Microsoft Grammar Tools in IVR Development
An interactive voice response (IVR) application is a Web application that allows a caller to use voice and touch-tone inputs to obtain access to information or services over a telephone connection.
IVR applications are developed using a W3C-standard voice browser markup language called VoiceXML. They are comprised of a series of "dialogs" between the caller and the VoiceXML application. The caller’s response to one dialog, which is interpreted by an automated speech recognition (ASR) engine, usually leads to another dialog, and then another, and another, and so forth, until the caller has reached his or her objective. If the series of dialogs fails at some point, the VoiceXML application logic transfers the caller to a live operator.
The purpose of this paper is to describe how tools developed by Microsoft can be used in the development of IVR applications. The paper includes the following sections:
The importance of grammars in VoiceXML dialogs, which discusses the central role of "grammars" in VoiceXML development and describes Microsoft’s grammar tools.
VoiceXML dialogs, which describes the components of a VoiceXML application and how they fit together.
The VoiceXML development cycle, which describes the development process and shows where the Microsoft grammar tools can be used.
In each dialog, the application "prompts" the caller with a question. The caller responds with an answer. A key component of the VoiceXML application, called a "grammar," lists the possible responses that the dialog expects. The speech recognition engine compares what the caller said to the expected responses described in the grammar.
A typical VoiceXML application uses one or more grammars in every individual dialog. The syntax of grammars used with the Microsoft speech recognition engine must conform to the XML form of the W3C’s Speech Recognition Grammar Specification (SRGS) Version 1.0 standard (see http://www.w3.org/TR/2004/REC-speech-grammar-20040316/). Such grammars are called SRGS grammars.
|Non-SRGS grammars exist, but they cannot be used in VoiceXML applications that depend on the Microsoft speech recognition engine.|
The grammars in a given dialog are compiled when the VoiceXML application is run and are made available to the speech recognition engine in their compiled form.
It is of course intuitively obvious that accurate voice recognition is essential to successful IVR Voice XML applications.
Modern speech recognition engines are very sophisticated and can be trained to recognize the general speech of particular individuals. With a large number of anonymous and varied callers, however, such a training approach would be extremely difficult and time consuming. In a VoiceXML application, grammars are used to severely limit the number of words that the speech recognition engine must consider, thereby presenting the speech recognition engine with a more tractable problem.

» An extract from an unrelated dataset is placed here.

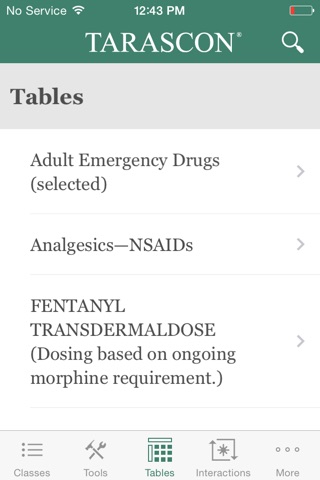 Tarascon Pharmacopoeia screenshot 3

As an example, suppose a dialog expects a yes or no answer. The dialog’s grammar (every dialog has one or more grammars) informs the speech recognition engine to expect "yes" or "no," along with a number of alternate ways a caller might say them (yeah, yup, right, nah, nope, wrong, and so forth). As a result, the speech recognition engine does not have to determine which word in a vocabulary of tens of thousands was spoken—it simply has to decide which among a handful of words was spoken.

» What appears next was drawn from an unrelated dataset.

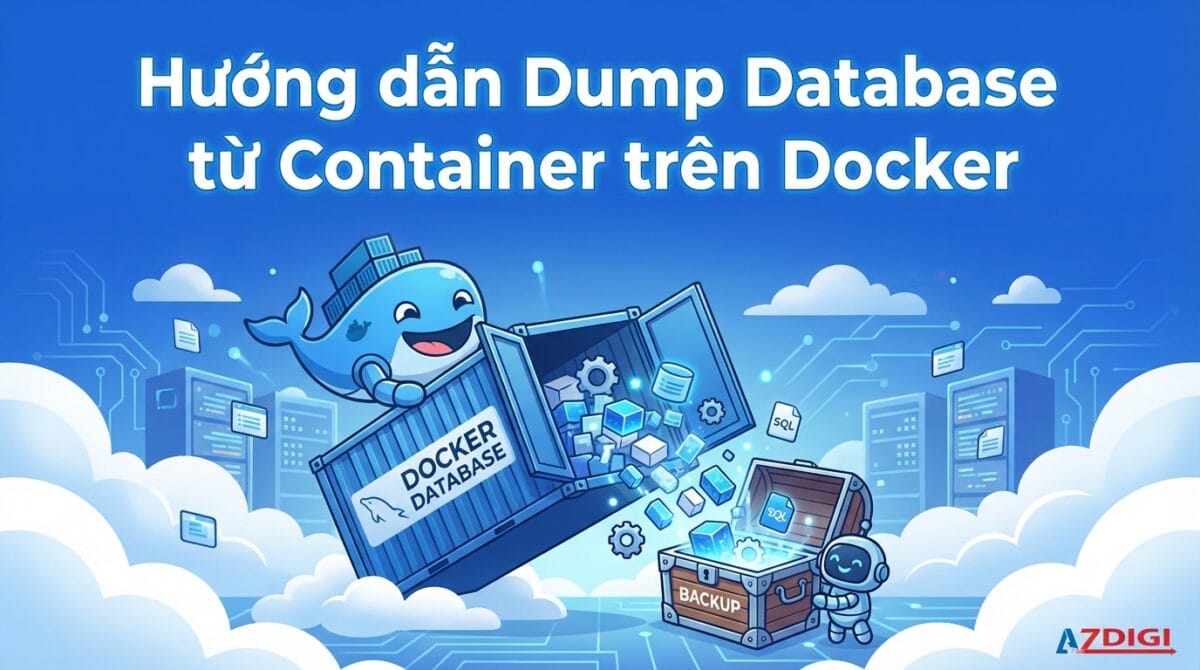 Hướng dẫn Dump Database từ Container trên Docker 1 Hướng dẫn Dump Database từ Container trên Docker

The development of a grammar, which is done by speech engineers, is a very sophisticated endeavor. Other aspects of VoiceXML development are much more straightforward.
In summary, grammars are the keys to successful voice recognition, and therefore are the keys to a successful IVR application.
Microsoft grammar tools
Microsoft has two command-line tools for Windows that a speech engineer can use when developing, testing, and improving grammars:
The Microsoft SRGS grammar validation tool
The grammar validation tool also checks for a group of conditions that are not errors but can cause performance problems. When such conditions are found, they are reported as warnings. Examples of such conditions include:
- Ambiguous branches.
- Cascading phrases.
- Normalization errors.
Errors represent things that would prevent the grammar from being loaded and used by the Microsoft speech interpretation engine. Warnings represent things that may cause undesired runtime behavior—they do not prevent the grammar from being used but indicate issues that the speech engineer may want to evaluate.
The Microsoft grammar tuning tool
This is a command line tool that is used to provide "tuning" information. Tuning is a speech engineering procedure for improving the performance of grammars by analyzing the speech recognizer’s response to caller utterances.
Utterances or transcriptions of utterances and a grammar are passed in to the tool and a recognition result is returned.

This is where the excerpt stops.